Settori Protagonisti del Rally
Chi Ha Guadagnato e Chi Ha Perso
La seduta ha premiato in particolare i titoli legati all’export: il settore automotive, l’elettronica e le tecnologie dell’informazione hanno guidato i rialzi, beneficiando della debolezza strutturale dello yen e della ripresa della domanda globale. Al contrario, i comparti immobiliare e alimentare hanno registrato flessioni, penalizzati dall’incertezza sui costi energetici ancora elevati.
Il Contesto Globale: Mercati Vicini ai Livelli Pre-Guerra
Il recupero del Nikkei si inserisce in un quadro internazionale in netto miglioramento. Anche S&P 500 e Nasdaq 100 hanno chiuso a nuovi massimi storici, segnalando che i mercati globali sono ormai prossimi a recuperare integralmente le perdite legate al conflitto Iran-USA. Il catalizzatore principale è la notizia, riportata da Bloomberg, che Washington e Teheran starebbero valutando un’estensione del cessate il fuoco di due settimane, per consentire ulteriori negoziati diplomatici verso un accordo definitivo.
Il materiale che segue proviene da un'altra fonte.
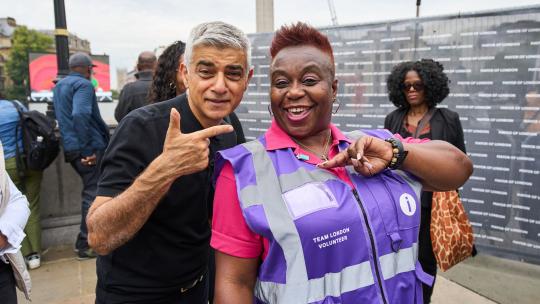 Mayor stood smiling with volunteer 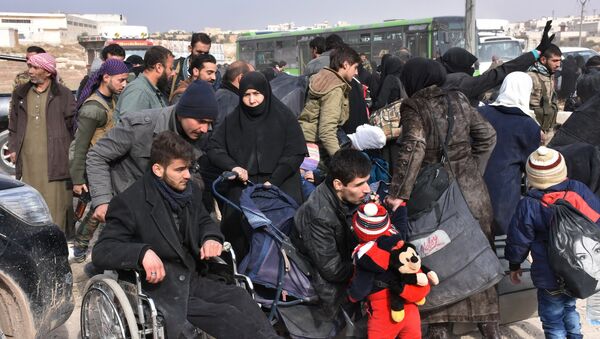 Syrians that evacuated the eastern districts of Aleppo rest, while waiting to board buses, in a government held area in Aleppo, Syria in this handout picture provided by SANA on November 29, 2016 - Sputnik Afrique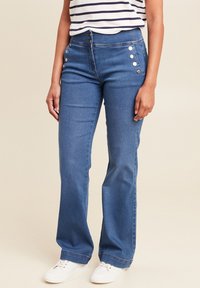 Blauwe flare jeans met een hoge taille, voorzien van metalen knoopaccenten aan de zijkant en een soepele denimtextuur. Gecombineerd met witte sneakers.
Lo Stretto di Hormuz Resta Chiuso
Nonostante l’ottimismo sui mercati, lo Stretto di Hormuz — arteria vitale per il transito di petrolio e gas che rappresenta circa il 20% del commercio globale di idrocarburi — rimane di fatto bloccato dall’inizio del conflitto. Questo mantiene i prezzi del petrolio su livelli elevati, pesando sulle prospettive degli utili aziendali giapponesi nella prossima stagione delle trimestrali.
Verso Quota 60.000: Un Traguardo Simbolico
Il Nikkei si trova ora a soli 0,8 punti percentuali dalla soglia psicologica dei 60.000 punti, un livello attentamente monitorato dagli investitori istituzionali. Secondo Tsuyoshi Shimizu, chief market analyst di Asset Management One, il movimento verso nuovi massimi riflette un cambiamento strutturale nell’approccio degli investitori verso le azioni giapponesi:
“Il Nikkei si sta orientando verso una ‘nuova normalità’. Salvo un collasso dei negoziati USA-Iran, anche il Topix è destinato a raggiungere nuovi massimi.”
I Fondamentali Strutturali del Mercato Azionario Giapponese
Un Rally Sostenuto da Riforme e Capitali Esteri
Il rally del mercato azionario giapponese non è un fenomeno recente: affonda le radici in un processo pluriennale alimentato da tre fattori chiave:
- Riforme di corporate governance che hanno spinto le aziende a migliorare la redditività e la remunerazione degli azionisti.
- Debolezza strutturale dello yen, che ha favorito le esportazioni e gonfiato i profitti delle multinazionali giapponesi.
- Vento favorevole dell’intelligenza artificiale, che ha trascinato al rialzo i titoli del settore semiconduttori, tra i migliori performer a livello mondiale.
Questi fattori hanno attirato afflussi record di capitali esteri e l’interesse crescente degli investitori attivisti internazionali.
Il Rally Si Allarga Oltre il Tech
Takuro Hayashi, responsabile della ricerca investimenti di IwaiCosmo Securities, sottolinea un’evoluzione importante nella composizione del rialzo: se in precedenza la spinta proveniva quasi esclusivamente dal comparto tecnologico, oggi i guadagni si stanno estendendo a settori più ampi, un segnale di maggiore solidità e sostenibilità del trend. A supportare ulteriormente il sentiment contribuiscono i solidi risultati trimestrali delle aziende americane, che continuano a offrire un punto di riferimento positivo per i mercati globali.